I decide to learn the language by practising. To start with, I write a simple program to solve the two sum problem. The code is ugly especially for the first result.push line

pub fn two_sum(nums: Vec<i32>, target: i32) -> Vec<i32> {
        let mut result = Vec::new();
        let mut mymap: HashMap<i32,i32> = HashMap::with_capacity(nums.len());

        for (i,&item) in nums.iter().enumerate() {
            if mymap.contains_key(&item) {
                result.push(*mymap.get(&item).unwrap());
                result.push(i as i32);
                return result;
            }
            mymap.insert(target-item,i as i32);
        }
        return result;
    }

Turns out a better way to do this is

pub fn two_sum(nums: Vec<i32>, target: i32) -> Vec<i32> {
        let mut result = Vec::new();
        let mut mymap = std::collections::HashMap::with_capacity(nums.len());

        for (i,&item) in nums.iter().enumerate() {
            match mymap.get(&item) {
                None => (),
                Some(&x) => { result.push(x); result.push(i as i32); return result;}
            }
            mymap.insert(target-item,i as i32);
        }
        return result;

    }

This is a common pattern in programming rust. The type of Option<T> is pervasily used in the language. The use of Option<T> is considered as a measure to mitigate the NULL pointer issue. You can find more arguments found in here The Definitive Reference To Why Maybe Is Better Than Null

Later on, I am trying to print some value within a tuple. Like below

enum List {
    Cons(i32, Box<List>),
    Nil,
}

use crate::List::{Cons, Nil};

fn main() {
    let list = Cons(1,
        Box::new(Cons(2,
            Box::new(Cons(3,
                Box::new(Nil))))));
    println!("The first element of list is {}",list.0);
}

This code can’t compile. The compiler complains that there is no such a filed in List enum type. Instead I have to do this

enum List {
    Cons(i32, Box<List>),
    Nil,
}

use crate::List::{Cons, Nil};

fn main() {
    let list = Cons(1,
        Box::new(Cons(2,
            Box::new(Cons(3,
                Box::new(Nil))))));
    if let Cons(i,j) = list {
        println!("value is {}",i);
    }
} 

Lifetime

Lifetime is the most unique feature of the Rust. I am now struggling with it. In the Rust book, it mentions this example

fn longest(x: &str, y: &str) -> &str {
    if x.len() > y.len() {
        x
    } else {
        y
    }
}

This code can’t compile, because the borrow checker cannot decide which reference is returned at compile time.

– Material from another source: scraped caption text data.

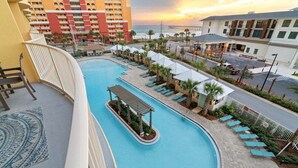 Zona de piscina en un resort con piscina curvo, sillas de descanso y vista al océano al atardecer.
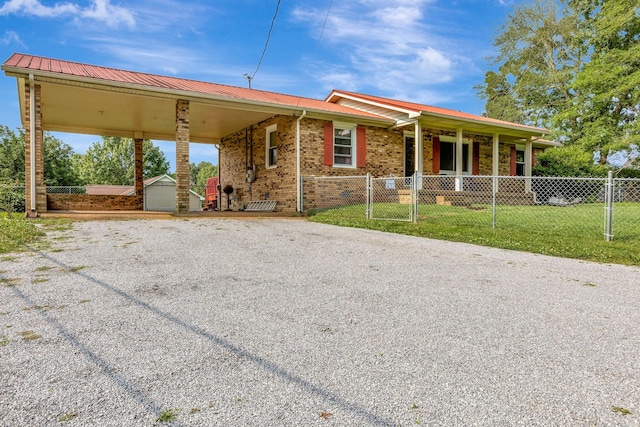 303 Furnace Hollow Rd, Dickson, TN 37055 - view of front of home featuring driveway, brick siding, a metal roof, and a carport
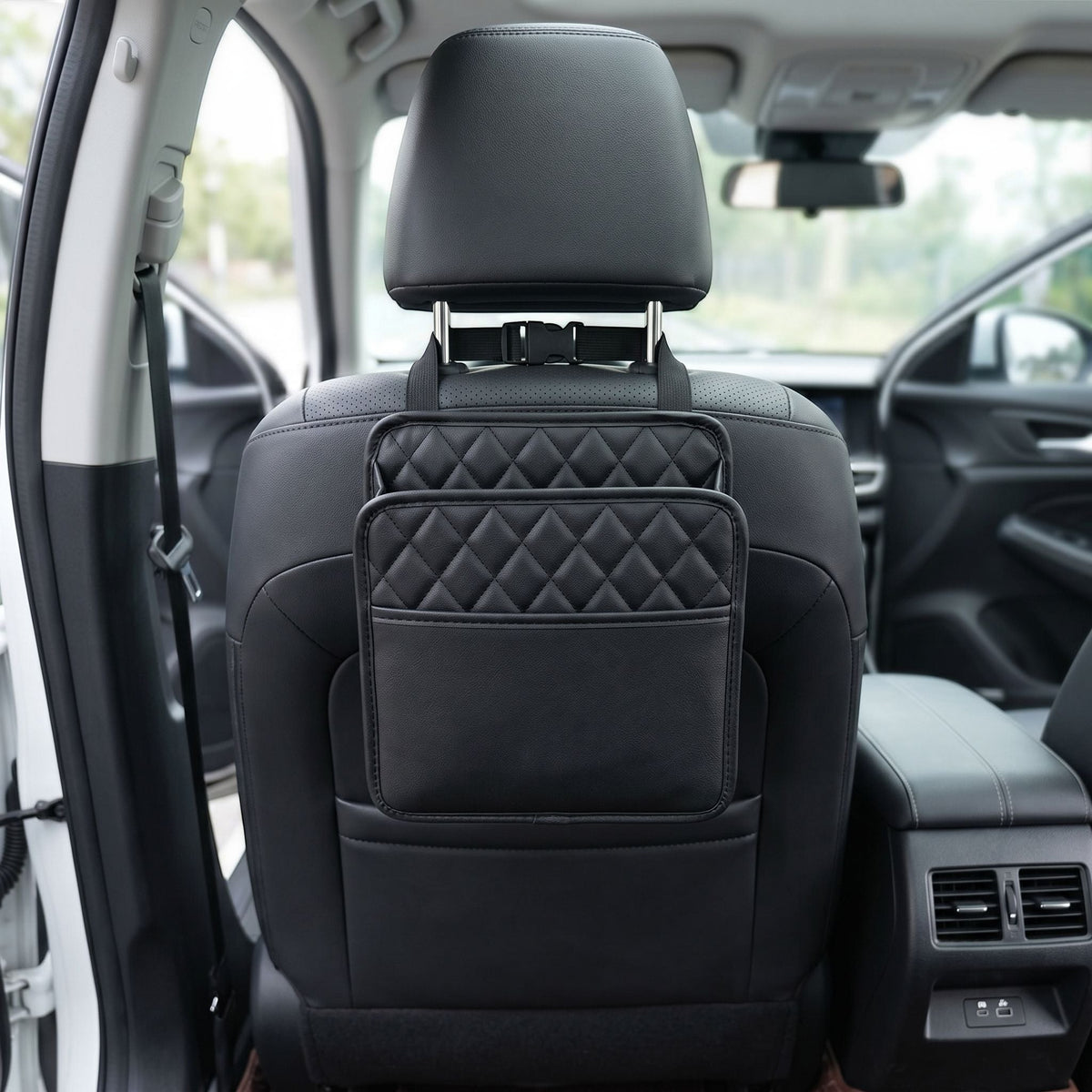 Detailed shot of a small unbranded car seat organizer highlighting textured fabric and stitching, with a blurred car interior background.
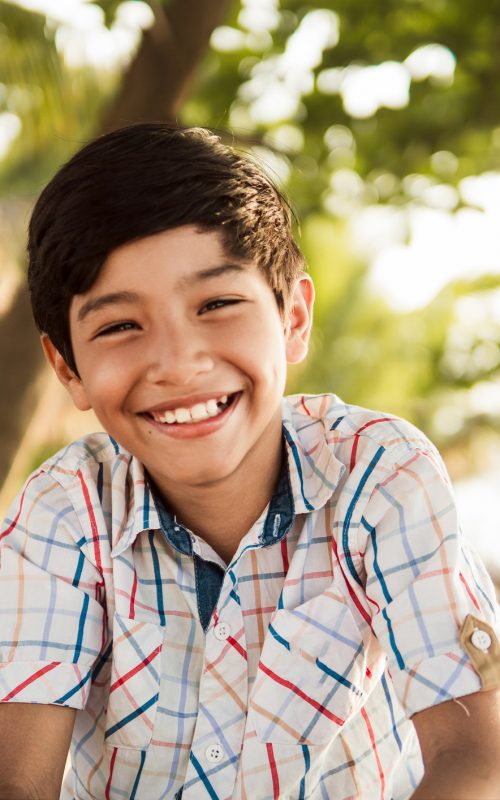 A portrait of a cheerful young boy with a beaming smile, enjoying a sunny day outdoors with a blurred background.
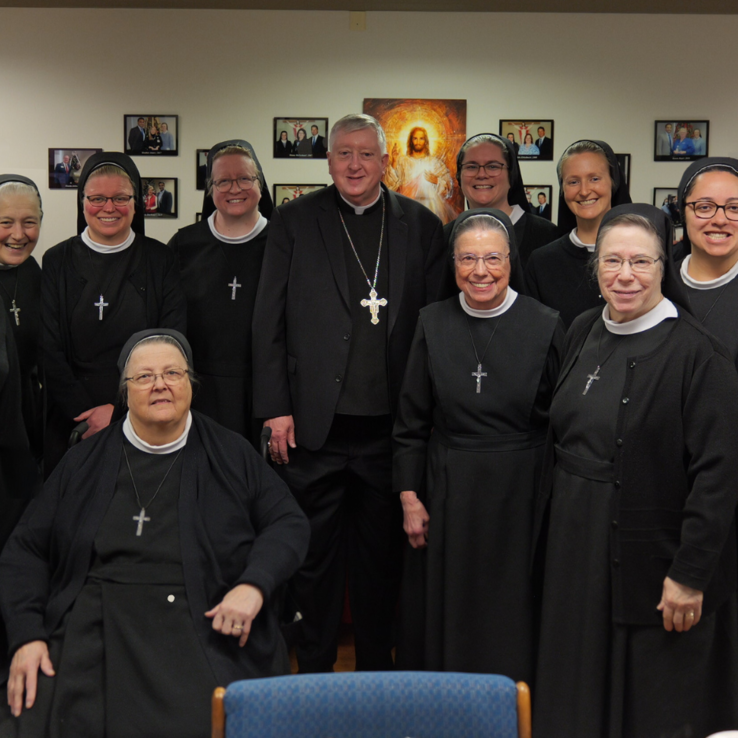 Archbishop Mitchell Rozanski with our Sister from the Archdiocese of St. Louis | Sisters of St. Francis of the Martyr St. George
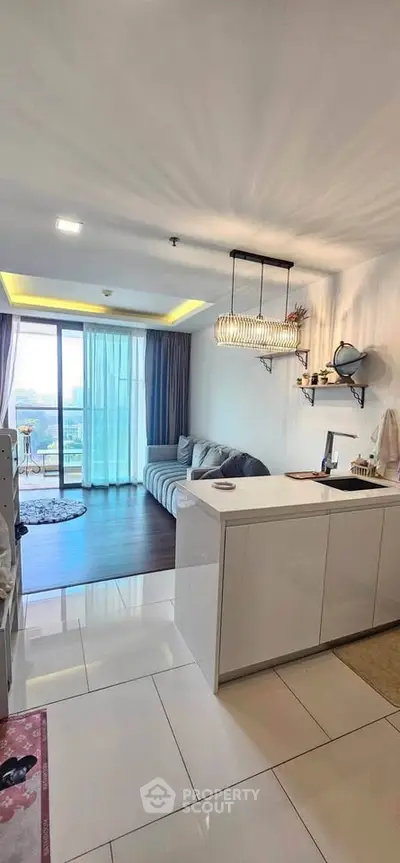 Modern open-layout living room with stylish decor and large windows offering a stunning city view.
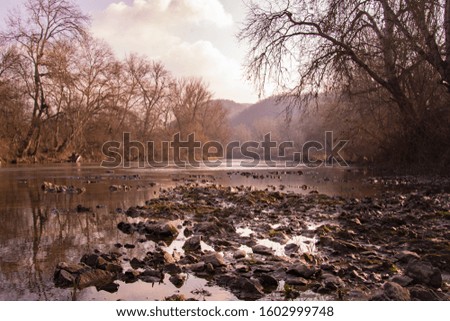 Beautifull river. Pictured during winter time. 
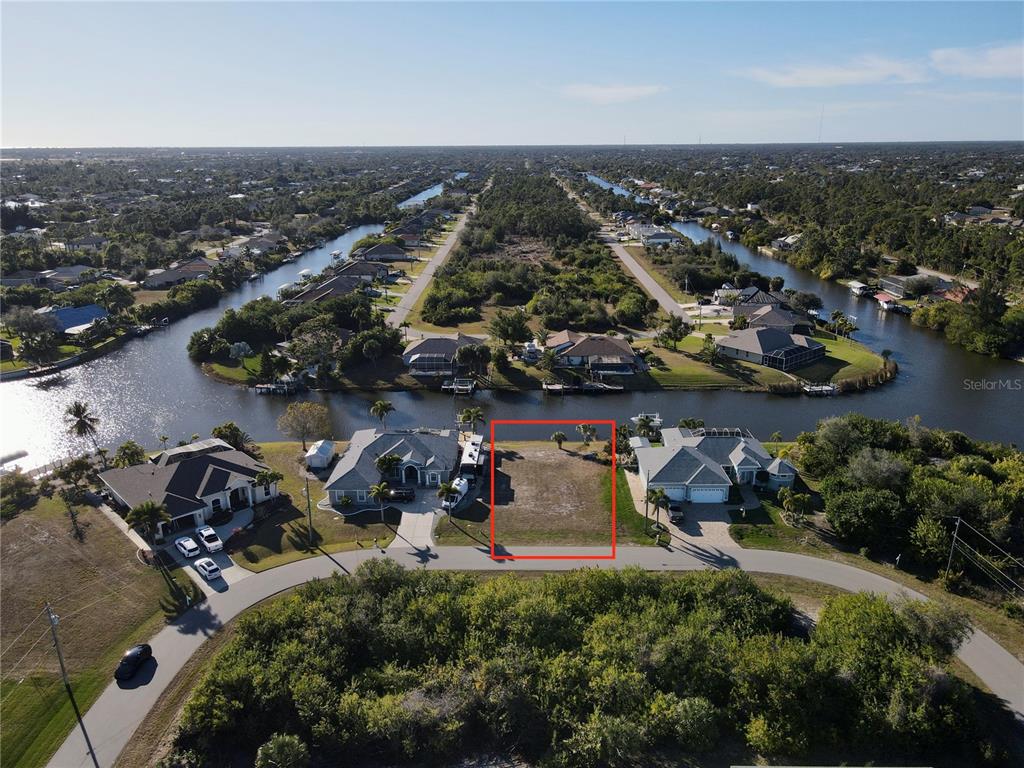 An aerial view shows a vacant waterfront residential lot outlined in red — 15666 APPLEWHITE CIRCLE, PORT CHARLOTTE, FL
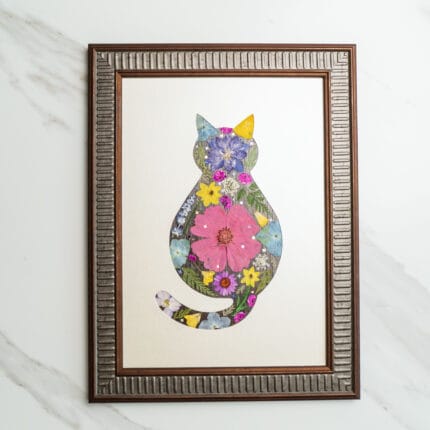 Pressed flower art of a cat silhouette with a large pink flower in the center, decorated with colorful blossoms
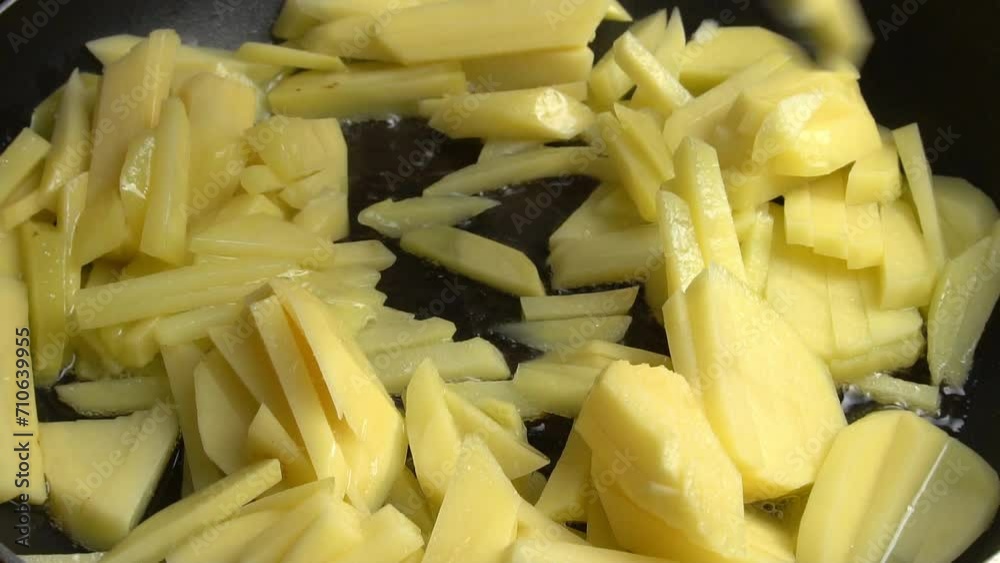 Cooking fried potatoes - stirring potatoes frying in a frying pan with sizzling oil. Culinary master class on home cooking. Video recipe. Cooking fried potatoes - stirring potatoes frying in a frying pan with sizzling oil. Culinary master class on home cooking. Video recipe.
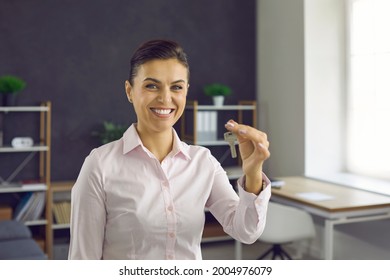 Portrait Of Happy Beautiful Young Realtor, Real Estate Agent, Mortgage Broker, Corporate Manager Or Tenant Standing In Office, Holding Keys To New Flat Or House, Smiling And Looking At Camera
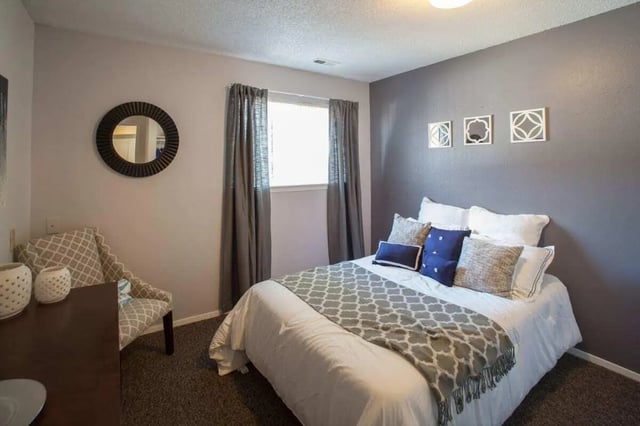 Bed with patterned blanket mirror and armchair bedroom at Hawks Pointe II in Lawrence Student Accommodation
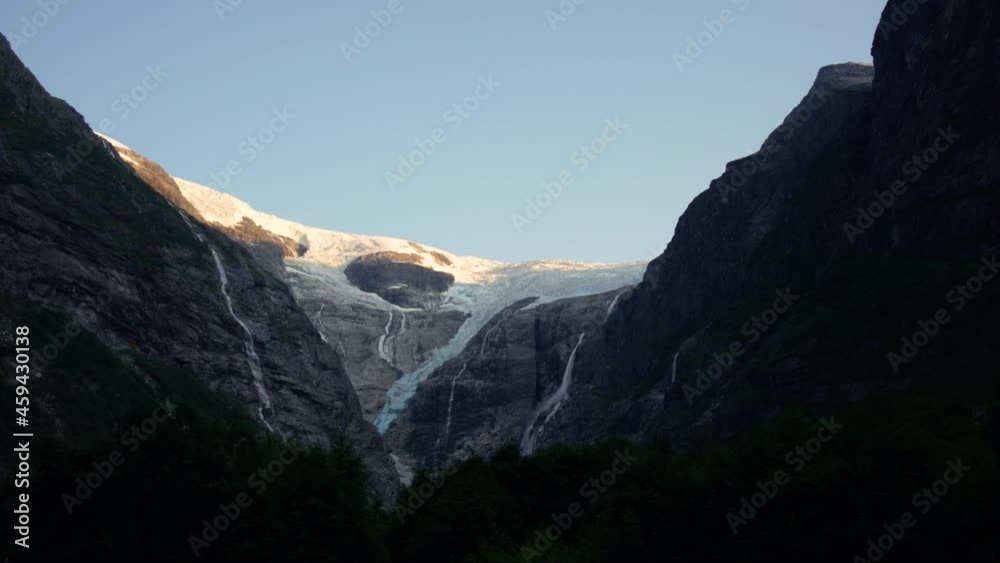 Norwegian glacier, clear sky, sun set Norwegian glacier, clear sky, sun set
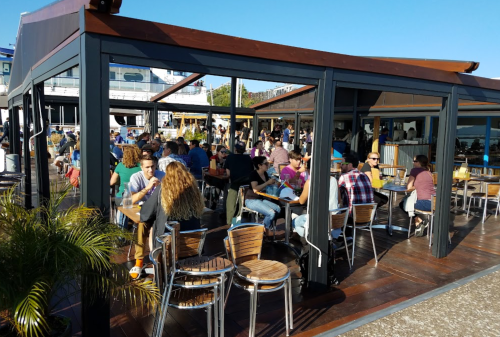 A bustling outdoor restaurant with many patrons enjoying food and drinks under a clear blue sky.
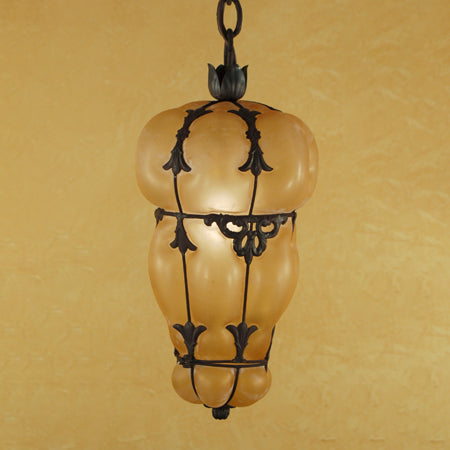 A decorative pendant light featuring a unique, curvy glass shade wrapped in an intricate wrought iron frame. The warm tones of the glass enhance the ambiance, while the detailed ironwork adds an elegant touch. Perfect for adding charm and character to any space.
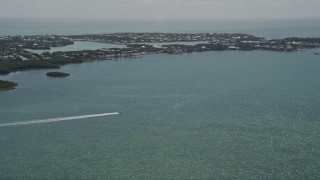 AX0025_162 - 5K aerial stock footage of tracking speed boat off the shore, Fat Deer Key, Marathon, Florida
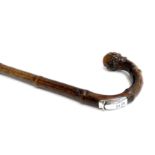 A Swaine & Adeney measuring stick with silver catch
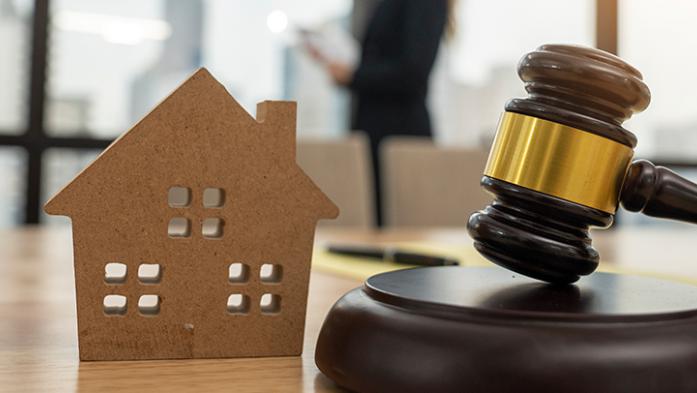 Photo of gavel and wooden house on a desk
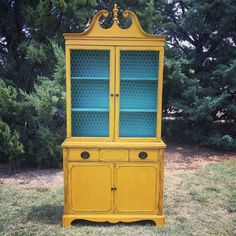 an old china cabinet painted yellow and blue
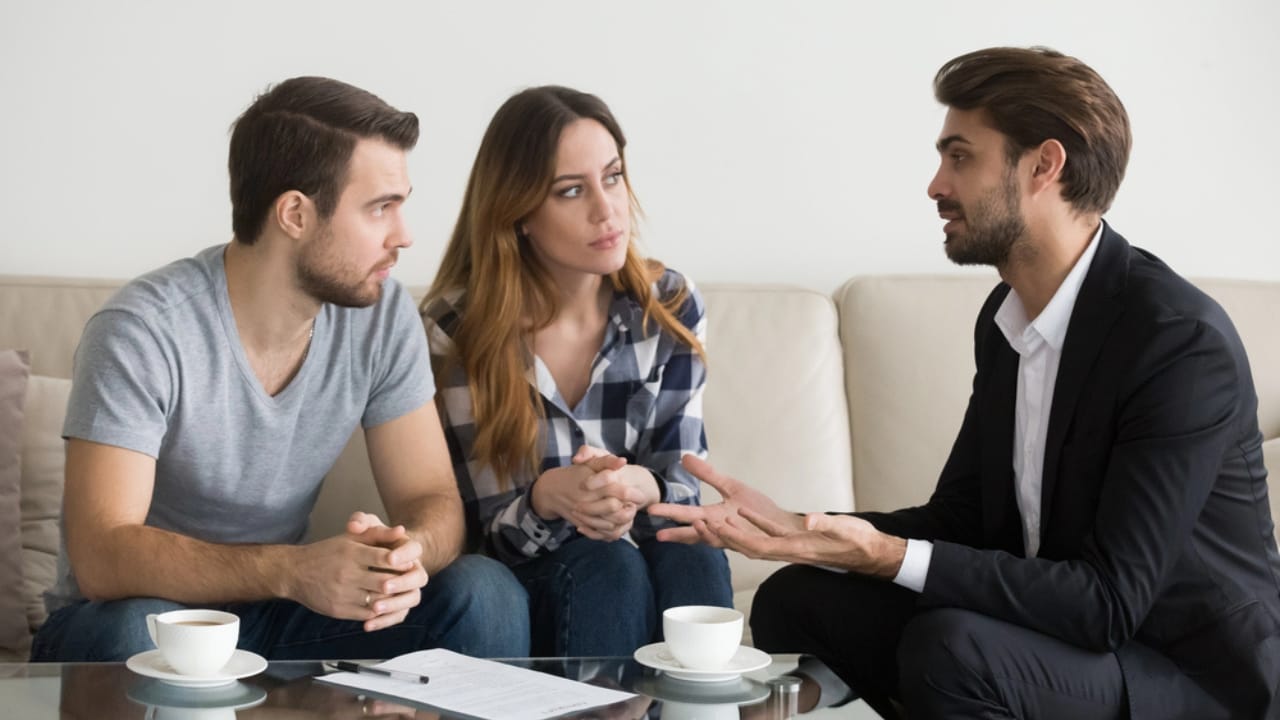 Homeowners Win: 15 HOA Powers That Stop at Your Door 8 Homeowners Win: 15 HOA Powers That Stop at Your Door - family at meeting with realtor dp222480304 dnoh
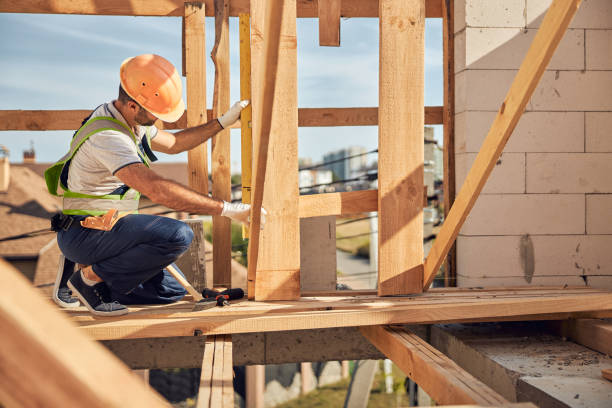 istock Serious worker measuring distance before fastening screws 1283768436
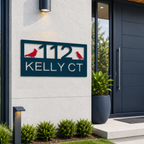 A rectangular metal address plaque in a deep ocean blue finish is mounted on a textured cream exterior wall. The sign displays the cutout text "112 KELLY CT" accented by two bright red cardinal bird silhouettes. A large navy planter sits by a matching modern front door in the background.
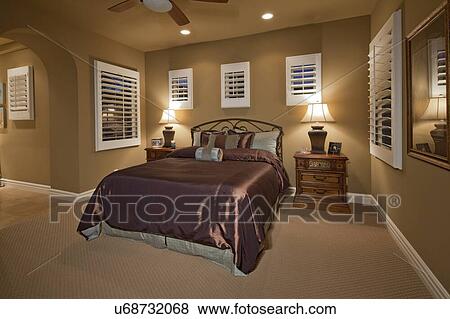 Luxurious bedroom with comfortable bed in mansion View Large Photo Image Stock Photo - Luxurious bedroom with comfortable bed in mansion. Fotosearch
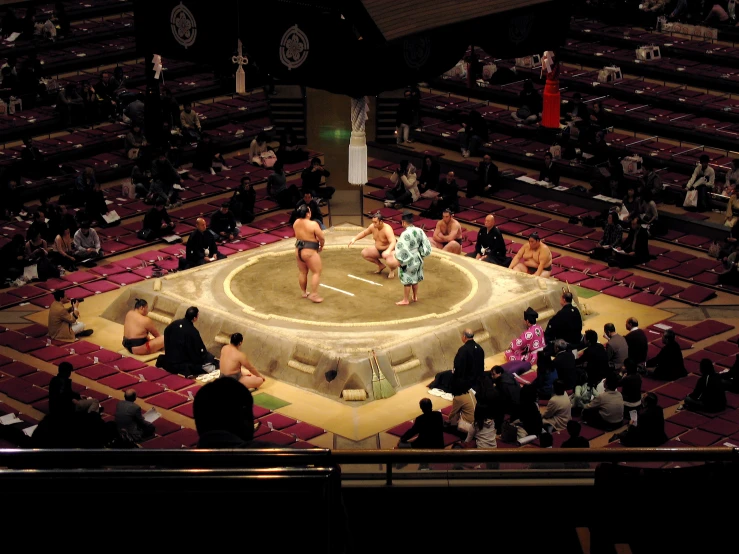 sumo wrestlers wrestling in an arena at a wrestling event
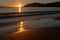 A golden sunset on a beach on Waiheke Island, New Zealand, Thailand, the colour of the sun reflecting on the wet sand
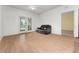 Living room with laminate flooring and sliding glass doors to patio at 3502 Windy Walk Way # 2104, Orlando, FL 32837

But the below code can compile. Looks like the borrow checker can analyze the code in a single function, but cannot work crossing the function “boundary”. For example, in the below code, the borrow checker can annotate the lifetime automatically for str1 and str2. However, for the code listed above, the borrow check cannot decide the lifetime of the references passed in within the longest function. In addition, the borrow checker working in the main function cannot decide which reference will be returned by the longest function.

The Rust book says that:

When annotating lifetimes in functions, the annotations go in the function signature, not in the function body. Rust can analyze the code within the function without any help. However, when a function has references to or from the code outside the function, it becomes almost impossible for Rust to figure out the lifetimes of the parameters or return values on its own. The lifetimes might be different each time the function is called. This is why we need to annotate the lifetimes manually.

fn main() {
    let string1 = String::from("abcd");
    let str1 = string1.as_str();
    let str2 = "xyz";

    let result;
    if str1.len() > str2.len() {
        result = &str1;
    }
    else {
        result = &str2;
    }
    println!("The longest string is {}", result);
}

Lifetimes for struct

If a struct hold references, then it needs a lifetime annotation for all of its referenes. The borrow chcker then analyzes the code by using the hint indicated by lifetime annotations.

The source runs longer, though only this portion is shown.